The Hillbillies, playing Carnegie Lecture Hall on Saturday, are led by Henrique Prince on fiddle and vocals and Norris Bennett on banjo, dulcimer and vocals, with William "Salty Bill" Salter on acoustic bass and A.R. on washboard and percussion. Their CD, "I Thought You Knew," features raw, unhinged versions of classic folk and bluegrass tunes such as "Jericho" and "Liza Jane."
Calliope: The Pittsburgh Folk Music Society presents the show, with opening act The Lackawanna Longnecks, at 7:30 p.m. Tickets are $35 (advance), $40 (door), $20 (student rush). Call 412-394-3353 or go to www. proartstickets.org.
Poetry party
Avant-garde cabaret troupe The TypewriterGirls will raise awareness and funds for Carnegie Library of Pittsburgh with a poetry reading and performance Sunday at Carnegie Library Lecture Hall.
This show also will feature poets Nancy Krygowski and Sandra Beasley, performance artist Christiane D., song stylist Phat Man Dee, hip-hop dance group Naka Entertainment and stuntman Dave Doyle.
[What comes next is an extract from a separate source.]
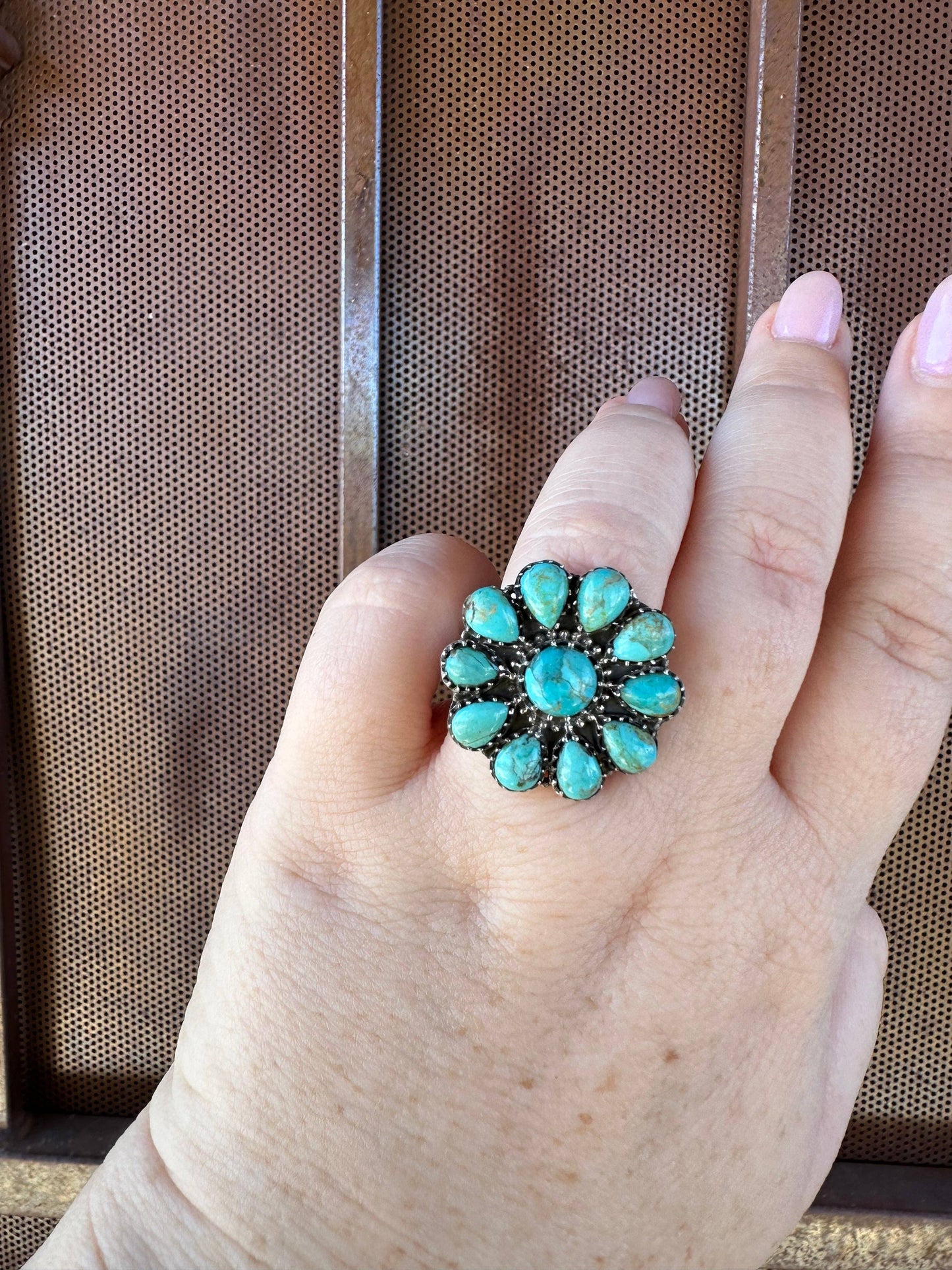 Turquoise Petals Handmade Adjustable Turquoise Sterling Silver Flower Ring: Adjustable / Turquoise ring 124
There will also be a silent auction filled with goods from local artists, musicians, poets, restaurants and shops, with all the proceeds going to the library's operating fund.
It begins at 6 p.m. Minimum donation is $7. For details, go to www.typewritergirls.net.
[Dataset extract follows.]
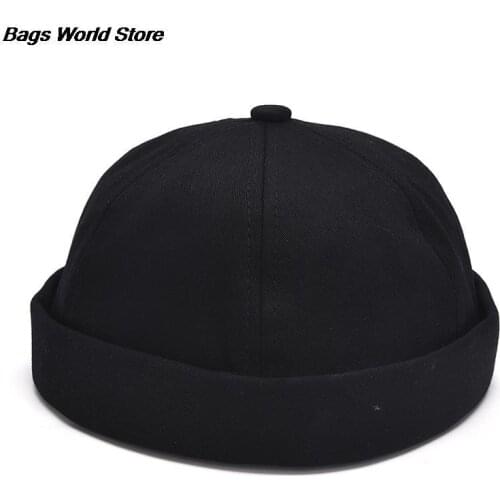 New Adjustable Brimless Landlord Hat Womens Docker Sailor Biker Cap Casual Skull Loop Beanie Hat Solid Hat Summer Hats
• There's acoustic guitar and then there's classical guitar, and no group has the pedigree of the Romeros for the latter. Saturday, "The Royal Family of the Guitar" plays a concert at Manchester Craftsmen's Guild sponsored by the Guitar Society of Fine Art. Concert is at 8 p.m. Tickets are $40; visit www.gsfapittsburgh.org.
• Singer-songwriter Jason Kendall goes the instrumental route on his sophomore effort, "Traditions," a "saxophone-starring" collection of holiday favorites. The release show tonight at 8 at Club Cafe will feature songs of the season and jazz standards with guest vocalists Maddie Georgi, Peace Ike, Joel Lindsey and Brad Yoder. A portion of the proceeds from CD sales will benefit Project Bundle Up. Admission is $8. Call 1-866-468-3401 or visit www.ticketweb.com.
• The I Made It! Market sets up at the Union Project in East Liberty Saturday with 60 local artists and crafters offering naturally made body products, T-shirts, jewelry, hand-knitted accessories, housewares, plush, handbags, environmentally friendly hand-bound books, hand-pressed greeting cards, photography, baby items, ceramics, dollhouse miniatures, felted animals and more. It runs from noon to 5 p.m. Go to www.imadeitmarketblog.com.
• Collectors can buy, sell or trade their vinyl at the Pittsburgh Record Fest Friday at 8 pm. at Belvedere's in Lawrenceville. Adding a soundtrack will be DJ June Bug from Memphis, Dan Allen, DJ Ms. Cadaver Jones and live rock from TheMount Mckinleys. Admission is $3. Go to www.myspace.com/pittsburghrecordfest.